A battle around foreign policy rages in Washington. Power and world-views are involved. Staunch neo-conservatives gather to conquer the White House

By Thomas Kleine-Brockhoff

[This article originally published in: DIE ZEIT, 17/2002 is translated from the German on the World Wide Web, www.zeit.de/2002/17/Kultur/print_200217_amerika.html.]

Whoever wants to feel the attraction of "America's kindly hegemony" should become acquainted with William Kristol. Kristol is the most zealous multiplier of this term. His business card identifies him as the editor of the Weekly Standard, a little weekly, but he is much more. He acts as a theoretician of American world domination and rises to the intellectual voice of the neo-conservative wing of the republicans. Every week in his column he assesses whether George Bush remains ideologically on course or is seized by compromise tendencies in office.

Kristol's office in Washington is only a few hundred meters from the president. Photos of Ronald Reagan and Margaret Thatcher with one worshiper, himself, hangs over his desk. Kristol like to speak of a "struggle" of "us" and "them. This conflict takes place in Washington, not Afghanistan as a kind of struggle of foreign policy cultures.
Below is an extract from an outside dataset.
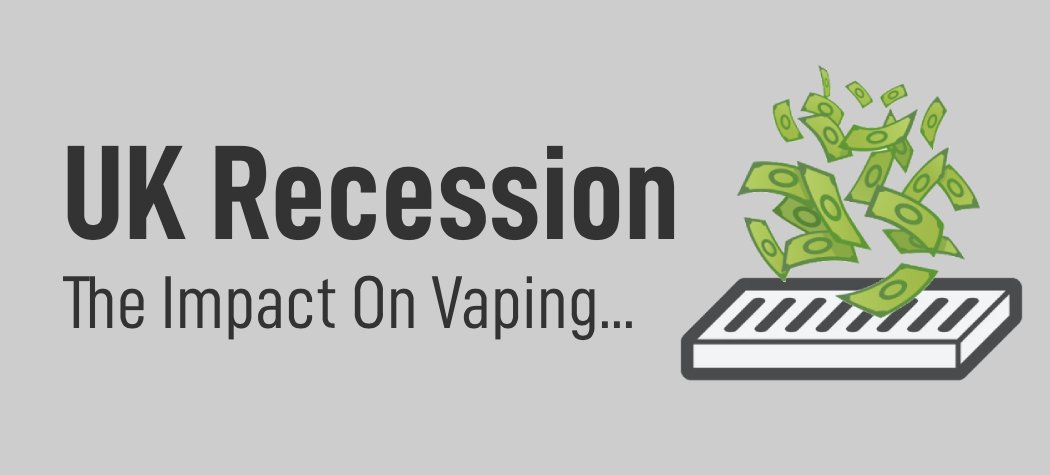 The United Kingdom has officially entered a recession. While the repercussions of this downturn are widespread, it’s important to examine how it specifically impacts certain sectors, including the vaping industry. bit.ly/uk-recession-b… #vape #recession #uk #ukvapers #money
This struggle has often been described as a power struggle between "moderates" and "hardliners". In truth, it is a contest of schools of thought within the right-wing, between the political party establishment of the republicans and Kristol's aspiring neo-conservatives. This conflict has marked every foreign policy debate since the terrorist attack of September 11, 2001. America's future role in the world is at issue.

Bill Kristol feels on the side of the victors. "Two years ago, my friends and I were a minority within the party," he said. "Now we are clearly in the majority." Kristol believes his fraction has won the heart of the president and thus captured the White House. The "conflict between good and evil", the "axis of evil" and the danger of "weapons of mass destruction in the hands of terrorists" are all terms from the dictionary of neo-conservatism in the president's mouth. Since Bush still speaks of the "regime change in Iraq", Kristol believes the president is now permanently committed to the neo-conservative agenda. However the United States these days negotiates with "the terrorist Arafat" instead of supporting Israel in the hunt for terrorists as Kristol's doctrine urges.

Birth of "Rogue States"

Bill Kristol with co-author Robert Kagan has presented his theory in many articles and in an essay two years ago, The Present Danger. Accordingly America's foreign policy must be committed to universal values, namely democracy and human rights. The country allows dictators to do what they like as long as they are well-disposed towards Washington. America cannot stand aside when despots torment their people or threaten neighbors. If necessary, the United States must intervene militarily and help democracy break through.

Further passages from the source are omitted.